It was the mother who spoke first. Henry, stand still. You’ll spoil the picture. She was a pretty woman in a lacy frock with a high collar. A brooch, like a star, was pinned just beneath her chin. A boy of about four sat on her lap, and a girl of perhaps six or seven leaned against her knee.
Beside the woman stood a man in a soldier’s uniform. He had such a merry face Charlie couldn’t imagine him with the fierce and solemn look a soldier was supposed to have. But it was the boy, standing in front of the soldier, who held Charlie’s gaze.
I can’t breathe, muttered the boy.
‘Hey, Charlie, he looks a bit like you!’ Benjamin pointed a grubby finger at the older boy.
‘Mm!’ Charlie agreed. ‘Same age as me too.’
A stiff white collar seemed to be giving the boy called Henry some trouble. It was clamped round his neck above a tightly-buttoned jacket, and almost brushed his chin. He wore knee-length breeches, long, black socks and shiny black boots.
Ouch! muttered Henry.
His mother sighed. Is it too much to ask you to stand still?
I think there’s a fly under my collar, said Henry.
At this, the soldier burst out laughing, and Henry’s brother and sister dissolved into helpless giggles.
Really, said the serious mother. I’m sure our poor photographer doesn’t find it amusing. Are you all right, Mr Caldicott?
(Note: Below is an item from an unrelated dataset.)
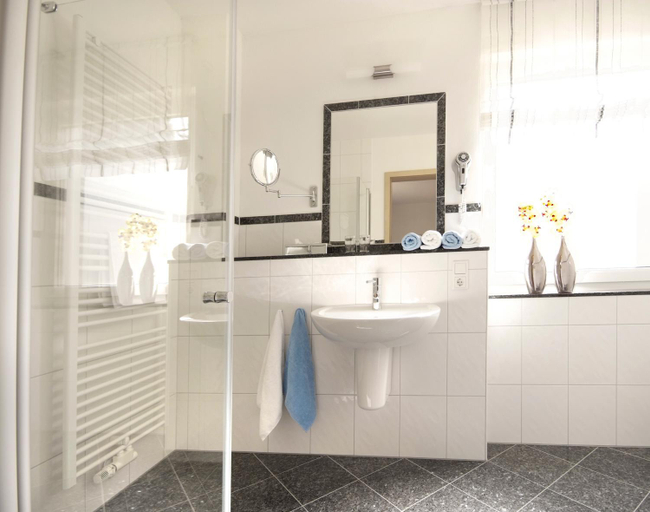 Bathroom 3, Hotel & Ferienappartements Edelweiss, Waldeck-Frankenberg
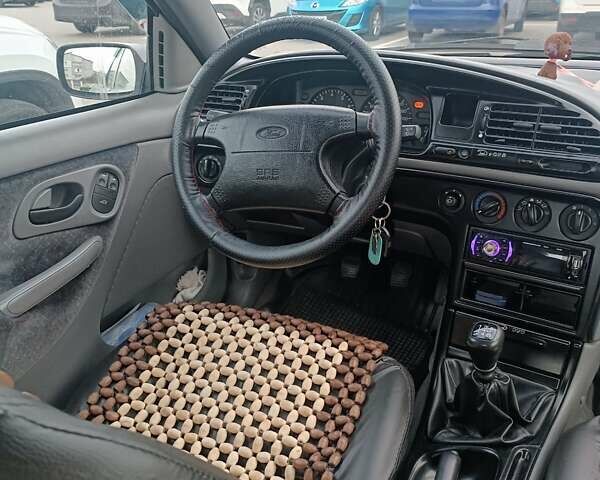 Сірий Форд Мондео, об'ємом двигуна 2 л та пробігом 154 тис. км за 2500 $, фото 15 на Automoto.ua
There was a mumbled, Yes, thank you, madam, and then something fell over. Charlie couldn’t be sure if it was Mr Caldicott or the camera. The figures in the photograph swung all over the place, making Charlie feel quite dizzy.
‘You look green,’ Benjamin remarked. He led the rather shaken Charlie into the kitchen, where Maisie was rubbing Runner Bean with a towel.
‘Oh dear,’ said Maisie, taking in the situation at a glance. ‘Have you had one of your thingies, Charlie?’
‘He has,’ said Benjamin.
There was a loud sizzle as Charlie’s mother, Amy, dropped an exotic-looking vegetable into a frying pan. ‘What was it this time, love?’ she asked.
Charlie put the photograph on the kitchen table. ‘This fell off the wall when Grandma Bone slammed her door.’
‘It’s a wonder there are any doors left hanging in this house, the way that woman slams them,’ said Maisie, emptying the cracked glass into a newspaper. ‘What with the slamming and your Uncle Paton’s light bulbs, and your mum’s rotten vegetables. I sometimes think I’d be better off in a Home for the elderly.’
Everyone ignored this remark. They’d all heard it so often. Maisie wasn’t old enough to be in a Home, and she’d been told a hundred times that her family couldn’t live without her.
‘So do you know who these people are?’ Charlie pointed to the family in the black frame. Without the cracked glass, the soldier and his family could be seen more clearly.
Charlie’s mother came and looked over his shoulder. ‘They must be Yewbeams,’ she said, ‘Grandma Bone’s relations. You’d better ask her.’
‘No way,’ said Charlie. ‘I’ll ask Uncle Paton before I go to bed. Come on, Ben.’
Tucking the black frame under his arm, Charlie led Benjamin and Runner Bean up to his room. An hour playing computer games passed very quickly, and then Grandma Bone was hammering on Charlie’s door and telling him, ‘Get that dog off your bed.’ How did she guess? But then a lot of the Yewbeams had powers.
The boys trailed downstairs with Runner Bean behind them, and Charlie let Benjamin and his dog out of the front door.
He stood in the hall a moment, staring at the rectangle of pale wallpaper where the framed photograph had hung. What had caused that photo to fall? Could it really have been a door being slammed? In this house, the force at work was bound to be more mysterious.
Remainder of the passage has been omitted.